Transit Of Indian Goods Thru Akhaura
Collapse of local exports feared
Local exporters fear transshipment of goods by India to its northeastern states using river and land ports in Bangladesh would have adverse impact on Bangladesh exports to Tripura through Akhaura. They said that businessmen would have nothing to export to Tripura if India was allowed to transship its essential goods, including food grains, via Bangladesh on a permanent basis and consequently the country would be deprived of huge foreign exchange.
Bangladesh was allowing India to transport rice and other commodities without duties under the river protocol between the two countries, but getting nothing in return, the businessmen said.
‘Around 50 businessmen and 35 C&F agents involved in exports and imports through Akhaura land port would lose their business if India is given the transit to ship food grains and other essentials to Agartala,’ said Md Monir Hossain, general secretary of the Clearing and Forwarding Agents’ Association at Akhaura.
He told New Age that Akhaura was largely an export-based land port as Bangladesh hardly imported anything from India through the route.
Bangladesh exports over 40 items, including plastic goods, cement, stone and fish through Akhaura, but hardly imports any Indian products through Agartala on the other side of the border, the businessmen said.
India is for the first time transporting rice from its south-eastern state of Andhra Pradesh to its north-eastern state of Tripura, through Bangladesh on a ‘pilot initiative’, also affecting exports of local goods there as the Indian cargos were getting priority on the narrow passage to the border at Akhaura, according to officials and businessmen.
India reportedly plans to ship 35,000 tonnes of food grains annually, to its northeastern states, through Bangladesh, after successful completion of the ongoing trial transshipment that begun early August.
After successful transportation of 10,000 tonnes of rice, the Indian government is expected to ask Bangladesh to allow 35,000 tonnes of food grains to be transported to Tripura annually, New Delhi-based Financial Express reported in its online version on July 24.
‘The trucks carrying Bangladeshi exports have to wait in queues until the Indian convoy carrying rice gets the clearance to cross over the border to India,’ businessman Abbas Uddin said, expressing concern that their business would collapse if India was given the transit to ferry their goods through Bangladesh.

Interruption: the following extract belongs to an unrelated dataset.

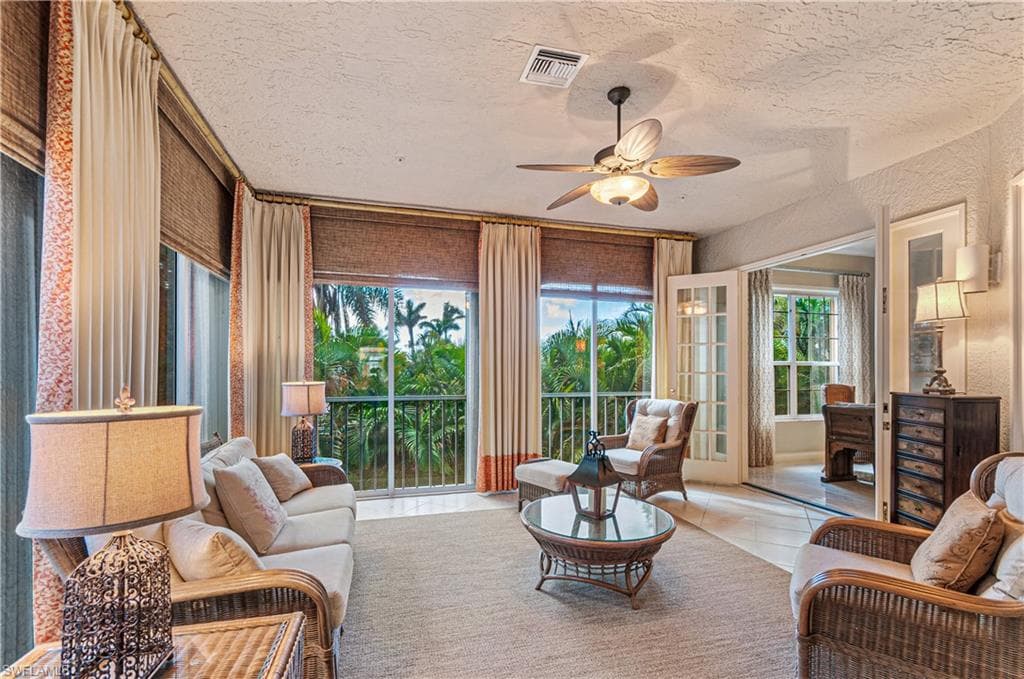 191 Colonade Cir 1503, Naples, FL 34103-3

Akhaura land port customs officer Md Lutfur Rahman said that India had already transshipped around 4,000 tonnes of rice in 200 vehicles since August 7. He admitted that the regular transshipment of Indian goods would affect Bangladesh exports through the land port.
Md Tajul Islam, general secretary of the Exporters and Importers’ Association at Akhaura, said there was a huge demand for Bangladeshi products in the seven northeastern states of India. ‘If India can ferry goods via Bangladesh, we will lose our exports there,’ he added.
At present, the Indian authorities transport food grains for the what they call ‘targeted public distribution system’ using trucks that have to negotiate tough geographical terrain, vagaries of nature and frequent road blocks by insurgent groups, the media report said.
In the first consignment, five ships, loaded with 5,000 tonnes of rice reached the Ashuganj river port in Bangladesh from Kolkata on August 5 for delivery in Agartala.
Dhaka had decided to waive the duty on the transshipment of 10,000 tonnes of rice during the trial phase on ‘humanitarian ground’, said shipping ministry officials.
The officials, however, said travelling through Bangladesh would cut down on cost of transportation and distribution of grain to other Indian northeastern states as well.
A truck travels more than 1,650km to carry goods from Kolkata to Agartala through Guwahati — a distance that can be reduced to 350km when the Bangladesh route is used, according to the media reports.
In 2012, Bangladesh had allowed India’s state-owned Oil and Natural Gas Corporation to ferry heavy machinery, turbines and cargo through Ashuganj port for the 726MW Palatana mega power project in Tripura without charging any duties.